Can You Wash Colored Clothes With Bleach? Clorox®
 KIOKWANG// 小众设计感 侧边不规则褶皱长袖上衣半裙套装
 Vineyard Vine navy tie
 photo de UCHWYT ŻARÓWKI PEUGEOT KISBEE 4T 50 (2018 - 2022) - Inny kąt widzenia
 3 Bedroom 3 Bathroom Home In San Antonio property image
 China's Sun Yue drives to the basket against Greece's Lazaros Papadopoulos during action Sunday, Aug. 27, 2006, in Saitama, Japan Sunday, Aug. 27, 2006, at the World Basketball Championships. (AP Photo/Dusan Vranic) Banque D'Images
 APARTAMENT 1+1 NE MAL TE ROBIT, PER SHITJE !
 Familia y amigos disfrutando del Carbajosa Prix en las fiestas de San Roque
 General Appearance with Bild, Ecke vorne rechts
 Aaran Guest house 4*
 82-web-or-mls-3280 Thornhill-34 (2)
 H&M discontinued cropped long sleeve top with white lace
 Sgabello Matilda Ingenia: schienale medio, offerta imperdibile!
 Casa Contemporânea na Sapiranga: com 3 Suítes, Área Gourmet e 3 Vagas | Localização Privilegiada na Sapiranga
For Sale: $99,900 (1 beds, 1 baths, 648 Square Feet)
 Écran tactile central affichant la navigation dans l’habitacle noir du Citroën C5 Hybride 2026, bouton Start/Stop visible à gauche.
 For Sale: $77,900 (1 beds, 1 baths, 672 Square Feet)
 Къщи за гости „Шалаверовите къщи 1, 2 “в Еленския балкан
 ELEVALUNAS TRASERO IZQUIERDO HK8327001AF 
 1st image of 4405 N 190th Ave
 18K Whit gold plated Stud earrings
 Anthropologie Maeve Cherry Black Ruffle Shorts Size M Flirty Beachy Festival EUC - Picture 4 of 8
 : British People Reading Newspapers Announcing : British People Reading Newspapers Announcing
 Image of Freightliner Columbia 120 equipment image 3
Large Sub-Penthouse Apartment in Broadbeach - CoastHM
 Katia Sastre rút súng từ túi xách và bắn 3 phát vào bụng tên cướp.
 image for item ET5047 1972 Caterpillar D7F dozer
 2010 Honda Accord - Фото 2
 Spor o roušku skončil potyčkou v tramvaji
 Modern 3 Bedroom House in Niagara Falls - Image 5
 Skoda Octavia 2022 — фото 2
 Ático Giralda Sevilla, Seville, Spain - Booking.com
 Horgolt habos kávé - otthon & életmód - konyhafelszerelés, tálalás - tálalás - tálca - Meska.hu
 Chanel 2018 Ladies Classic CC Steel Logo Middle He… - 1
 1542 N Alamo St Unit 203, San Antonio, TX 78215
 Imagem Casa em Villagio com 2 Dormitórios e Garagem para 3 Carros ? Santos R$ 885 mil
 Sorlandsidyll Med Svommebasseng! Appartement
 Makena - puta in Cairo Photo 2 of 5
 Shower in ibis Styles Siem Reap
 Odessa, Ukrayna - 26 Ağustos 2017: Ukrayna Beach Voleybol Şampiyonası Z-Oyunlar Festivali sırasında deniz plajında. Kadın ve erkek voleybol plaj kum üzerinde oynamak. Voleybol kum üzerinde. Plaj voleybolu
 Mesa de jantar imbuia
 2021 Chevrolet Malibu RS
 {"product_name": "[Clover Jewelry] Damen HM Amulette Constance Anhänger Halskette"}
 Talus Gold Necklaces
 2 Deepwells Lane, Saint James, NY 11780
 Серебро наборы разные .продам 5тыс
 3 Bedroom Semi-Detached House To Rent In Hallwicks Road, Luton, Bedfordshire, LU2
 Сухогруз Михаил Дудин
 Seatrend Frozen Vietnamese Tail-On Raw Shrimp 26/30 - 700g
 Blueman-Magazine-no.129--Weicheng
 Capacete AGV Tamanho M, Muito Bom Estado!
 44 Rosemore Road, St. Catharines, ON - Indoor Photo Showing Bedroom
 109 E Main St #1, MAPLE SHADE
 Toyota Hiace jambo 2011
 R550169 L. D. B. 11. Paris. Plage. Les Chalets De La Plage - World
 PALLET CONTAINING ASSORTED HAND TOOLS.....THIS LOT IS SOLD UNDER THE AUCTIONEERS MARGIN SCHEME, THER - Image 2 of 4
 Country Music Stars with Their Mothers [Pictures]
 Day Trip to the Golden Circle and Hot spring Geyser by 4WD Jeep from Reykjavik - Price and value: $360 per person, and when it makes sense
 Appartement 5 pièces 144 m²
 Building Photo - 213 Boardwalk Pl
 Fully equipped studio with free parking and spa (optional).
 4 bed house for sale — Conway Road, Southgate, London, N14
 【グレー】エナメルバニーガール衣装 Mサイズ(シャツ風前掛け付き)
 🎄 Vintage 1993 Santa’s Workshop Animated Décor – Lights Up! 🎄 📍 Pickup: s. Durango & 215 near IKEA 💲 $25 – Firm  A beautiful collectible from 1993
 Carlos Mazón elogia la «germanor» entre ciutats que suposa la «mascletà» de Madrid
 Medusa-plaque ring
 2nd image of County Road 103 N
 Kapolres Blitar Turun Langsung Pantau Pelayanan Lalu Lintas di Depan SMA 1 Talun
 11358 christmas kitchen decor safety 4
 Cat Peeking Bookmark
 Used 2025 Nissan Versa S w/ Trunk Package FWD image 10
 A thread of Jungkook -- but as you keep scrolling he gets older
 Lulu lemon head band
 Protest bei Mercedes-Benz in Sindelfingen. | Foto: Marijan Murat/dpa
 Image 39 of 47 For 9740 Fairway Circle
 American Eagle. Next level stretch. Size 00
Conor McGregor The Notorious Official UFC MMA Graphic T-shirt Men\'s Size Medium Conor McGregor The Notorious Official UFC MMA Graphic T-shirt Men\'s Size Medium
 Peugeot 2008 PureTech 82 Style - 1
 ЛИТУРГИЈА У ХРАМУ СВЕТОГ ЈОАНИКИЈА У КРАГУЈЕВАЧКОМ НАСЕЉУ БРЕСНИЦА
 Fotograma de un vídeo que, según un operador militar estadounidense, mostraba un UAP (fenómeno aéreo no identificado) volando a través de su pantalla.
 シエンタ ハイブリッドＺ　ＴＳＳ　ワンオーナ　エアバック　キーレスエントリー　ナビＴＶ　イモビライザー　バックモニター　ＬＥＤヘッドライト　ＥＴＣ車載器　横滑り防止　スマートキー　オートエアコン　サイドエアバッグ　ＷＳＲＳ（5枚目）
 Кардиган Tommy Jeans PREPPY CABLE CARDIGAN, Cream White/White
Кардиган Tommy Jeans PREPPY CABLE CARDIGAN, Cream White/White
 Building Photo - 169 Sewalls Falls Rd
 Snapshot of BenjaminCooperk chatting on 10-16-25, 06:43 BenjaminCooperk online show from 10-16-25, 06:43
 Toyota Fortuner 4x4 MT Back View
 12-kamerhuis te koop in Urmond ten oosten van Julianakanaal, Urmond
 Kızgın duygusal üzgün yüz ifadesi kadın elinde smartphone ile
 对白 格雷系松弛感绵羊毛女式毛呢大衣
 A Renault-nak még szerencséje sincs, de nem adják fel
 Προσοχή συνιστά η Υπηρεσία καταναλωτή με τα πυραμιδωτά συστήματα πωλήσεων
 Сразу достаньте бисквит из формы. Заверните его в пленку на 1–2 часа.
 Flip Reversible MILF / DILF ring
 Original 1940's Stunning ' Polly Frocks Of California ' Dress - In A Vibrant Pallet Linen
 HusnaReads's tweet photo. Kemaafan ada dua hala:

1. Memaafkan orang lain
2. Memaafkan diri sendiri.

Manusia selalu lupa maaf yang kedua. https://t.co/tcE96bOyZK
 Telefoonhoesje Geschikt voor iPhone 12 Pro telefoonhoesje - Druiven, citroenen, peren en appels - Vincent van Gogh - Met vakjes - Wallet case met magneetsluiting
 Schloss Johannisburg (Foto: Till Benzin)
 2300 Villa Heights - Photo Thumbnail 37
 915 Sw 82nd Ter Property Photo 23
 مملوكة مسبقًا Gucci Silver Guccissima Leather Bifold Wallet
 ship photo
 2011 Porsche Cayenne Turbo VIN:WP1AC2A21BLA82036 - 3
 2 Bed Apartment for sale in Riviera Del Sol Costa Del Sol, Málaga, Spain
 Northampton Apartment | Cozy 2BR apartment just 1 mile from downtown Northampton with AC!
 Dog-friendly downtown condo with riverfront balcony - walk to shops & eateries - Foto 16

Exercise requirements ->
Print the lines above from the one with "Skoda Octavia 2022 — фото 2" through the one with "2021 Chevrolet Malibu RS", both included, exactly as written and nothing more.

Written answer ->
 Skoda Octavia 2022 — фото 2
 Ático Giralda Sevilla, Seville, Spain - Booking.com
 Horgolt habos kávé - otthon & életmód - konyhafelszerelés, tálalás - tálalás - tálca - Meska.hu
 Chanel 2018 Ladies Classic CC Steel Logo Middle He… - 1
 1542 N Alamo St Unit 203, San Antonio, TX 78215
 Imagem Casa em Villagio com 2 Dormitórios e Garagem para 3 Carros ? Santos R$ 885 mil
 Sorlandsidyll Med Svommebasseng! Appartement
 Makena - puta in Cairo Photo 2 of 5
 Shower in ibis Styles Siem Reap
 Odessa, Ukrayna - 26 Ağustos 2017: Ukrayna Beach Voleybol Şampiyonası Z-Oyunlar Festivali sırasında deniz plajında. Kadın ve erkek voleybol plaj kum üzerinde oynamak. Voleybol kum üzerinde. Plaj voleybolu
 Mesa de jantar imbuia
 2021 Chevrolet Malibu RS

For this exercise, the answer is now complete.